**TASK PROMPT:**
All of the records below should be output exactly.

**DATA IN THIS EXERCISE:**

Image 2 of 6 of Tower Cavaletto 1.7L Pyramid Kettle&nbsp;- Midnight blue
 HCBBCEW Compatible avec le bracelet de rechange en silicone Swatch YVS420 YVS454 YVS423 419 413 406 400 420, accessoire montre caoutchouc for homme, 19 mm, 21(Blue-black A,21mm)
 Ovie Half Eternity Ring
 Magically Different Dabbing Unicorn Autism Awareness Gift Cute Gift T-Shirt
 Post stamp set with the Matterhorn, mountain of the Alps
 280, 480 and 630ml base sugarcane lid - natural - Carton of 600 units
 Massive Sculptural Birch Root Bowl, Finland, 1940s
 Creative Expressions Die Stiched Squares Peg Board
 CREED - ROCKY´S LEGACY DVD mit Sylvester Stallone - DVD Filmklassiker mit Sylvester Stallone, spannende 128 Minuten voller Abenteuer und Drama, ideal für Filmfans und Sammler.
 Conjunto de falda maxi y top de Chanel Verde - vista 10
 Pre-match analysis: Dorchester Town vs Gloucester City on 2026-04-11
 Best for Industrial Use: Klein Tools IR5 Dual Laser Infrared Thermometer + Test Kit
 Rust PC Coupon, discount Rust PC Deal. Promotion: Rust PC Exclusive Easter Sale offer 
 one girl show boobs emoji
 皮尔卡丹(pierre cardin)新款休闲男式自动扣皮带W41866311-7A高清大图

**EXERCISE ANSWER:**
Image 2 of 6 of Tower Cavaletto 1.7L Pyramid Kettle&nbsp;- Midnight blue
 HCBBCEW Compatible avec le bracelet de rechange en silicone Swatch YVS420 YVS454 YVS423 419 413 406 400 420, accessoire montre caoutchouc for homme, 19 mm, 21(Blue-black A,21mm)
 Ovie Half Eternity Ring
 Magically Different Dabbing Unicorn Autism Awareness Gift Cute Gift T-Shirt
 Post stamp set with the Matterhorn, mountain of the Alps
 280, 480 and 630ml base sugarcane lid - natural - Carton of 600 units
 Massive Sculptural Birch Root Bowl, Finland, 1940s
 Creative Expressions Die Stiched Squares Peg Board
 CREED - ROCKY´S LEGACY DVD mit Sylvester Stallone - DVD Filmklassiker mit Sylvester Stallone, spannende 128 Minuten voller Abenteuer und Drama, ideal für Filmfans und Sammler.
 Conjunto de falda maxi y top de Chanel Verde - vista 10
 Pre-match analysis: Dorchester Town vs Gloucester City on 2026-04-11
 Best for Industrial Use: Klein Tools IR5 Dual Laser Infrared Thermometer + Test Kit
 Rust PC Coupon, discount Rust PC Deal. Promotion: Rust PC Exclusive Easter Sale offer 
 one girl show boobs emoji
 皮尔卡丹(pierre cardin)新款休闲男式自动扣皮带W41866311-7A高清大图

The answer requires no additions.